Exposure therapy for pediophobia
Exposure therapy is a form of behavior therapy in which the feared object (e.g. doll) is purposely brought in front of the patient. Initially, the patient will most commonly feel anxious. However, after repeated sessions and exposure to the object, the person might have better control over his/her negative feelings, which may help in reducing the fear of dolls
Relaxation therapy for pediophobia
Relaxation techniques including: deep breathing, meditation, yoga and advanced muscle relaxation may be very helpful in relieving anxiety related with pediophobia. Other techniques such as visualization in which the person with pediophobia visualizes a comforting scene or place, may also be helpful.
Hypnosis for pediophobia
Probable cause of pediophobia is emotional trauma in childhood. Hypnosis has been shown as effective treatment for many persons with phobias. It works by retrieving the underlying cause of the phobia and eliminating affected person’s response to the stimulus. The initial goal of the hypnotherapist is to discover the event from which the phobia is developed. In most cases the cause is traumatic event which in the past. Regularly the phobic individual does not remember this past event as it can be repressed for many years. Repression is known as a protective mechanism of our mind that utilizes by keeping memory of the trauma out of our conscious until we are ready and able to deal with it.

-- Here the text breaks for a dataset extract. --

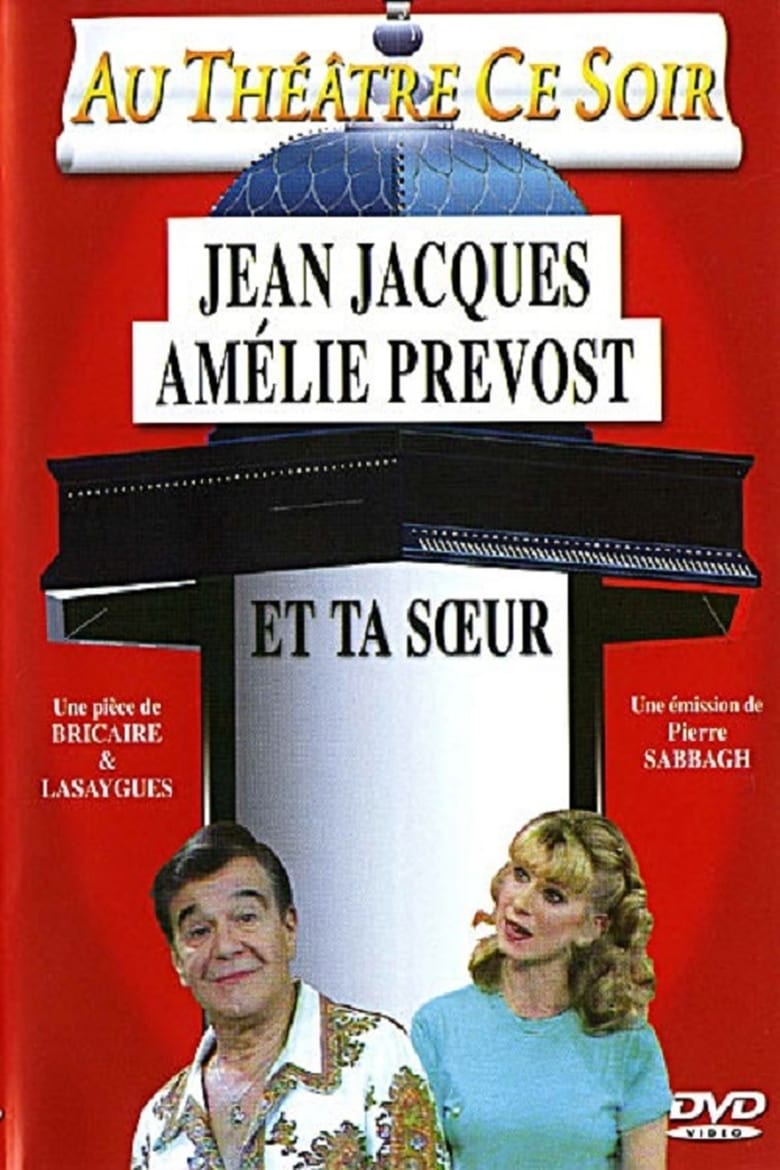 Poster of Et ta sœur ?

In order to access this memory state of heightened relaxation and focus or hypnotic trance need to be achieved so unconscious can be accessed. Thus unconscious memories can be revealed and brought to conscious awareness. When this is achieved, the phobia will generally disappear.

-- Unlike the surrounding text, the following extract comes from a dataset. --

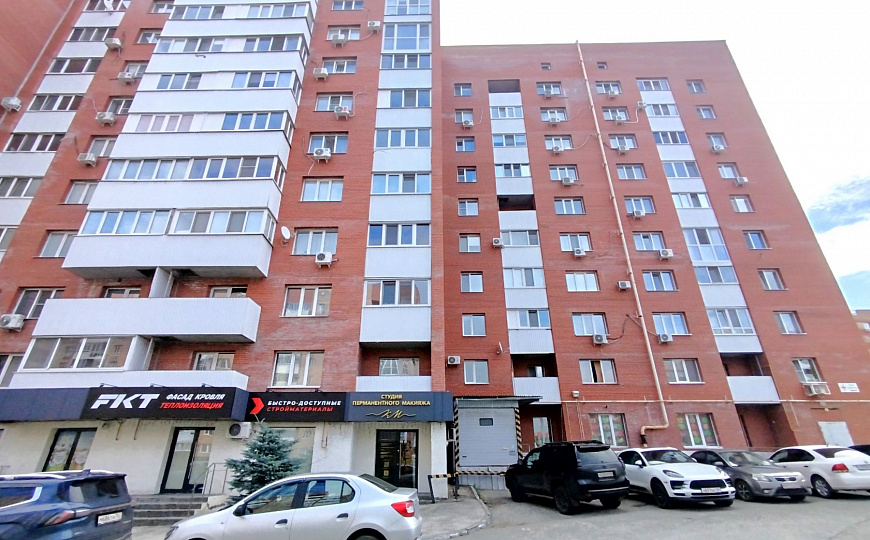 Офисное помещение, 57 м² фото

Psychotherapy for pediophobia
Taking the help and advice of a psychologist or psychiatrist and talking about issues relating to the phobia can help identify the underlying cause. Regular counseling might be very helpful for a control of your feelings, moods, and behavior. This in turn may contribute in coping with pediophobia.

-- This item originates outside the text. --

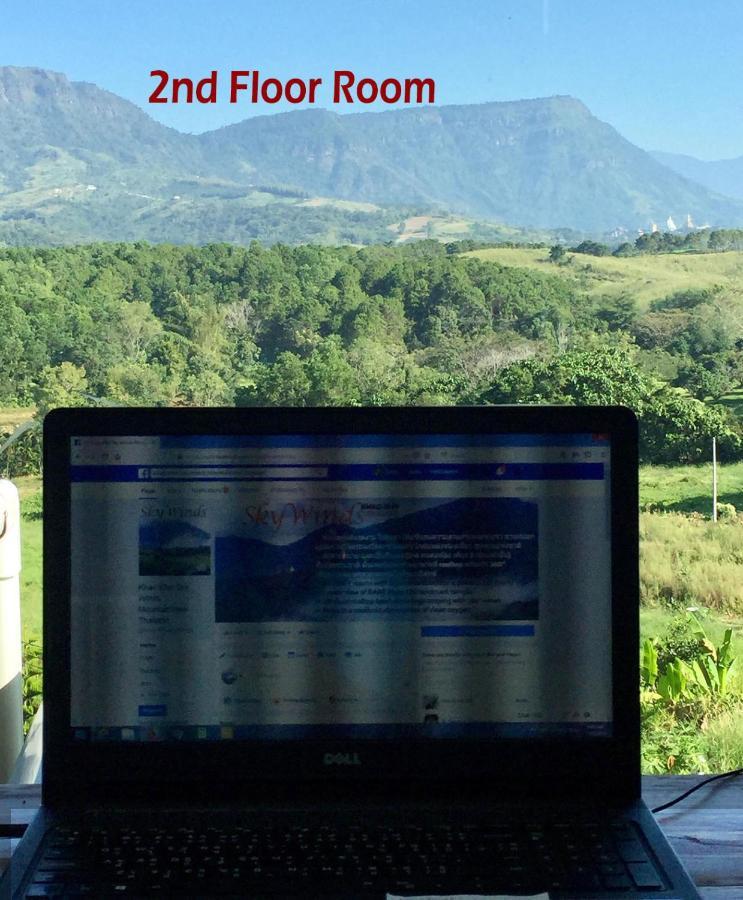 Khao Kho Sky Winds Hotel Eksteriør billede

Medications for pediophobia
Pharmacological therapy with short-term anxiolytic drugs should be considered only in severe cases of pediophobia accompanied with serious distress and panic attacks. So, doctor may prescribe antianxiety medications to relieve that eerie feeling associated with dolls. However, there are no studies there suggesting that antianxiety medicines are effective in the treatment of pediophobia.
Neuro-Linguistic programming therapy for pediophobia
Neuro-Linguistic programming is principally the study and practice on how we create our reality. The basic concept of neuro-Linguistic programming is that the words we use reproduce an internal, subconscious perception of our problems. If these perceptions and words are incorrect, they will possibly generate an underlying issue as long as we remain to use them and to think them. In neuro-linguistic programming sessions, therapist analyzes every word or phrase you use in telling your signs, symptoms or concerns about health. Facial expressions and body movements are also examined. After determining issues in your perception, the therapist will help you understand the predisposing source. This treatment may you to remodel your thoughts and mental relations in order to repair preconceived notions. These preconceived notions may be responsible for keeping you from attaining the success you deserve.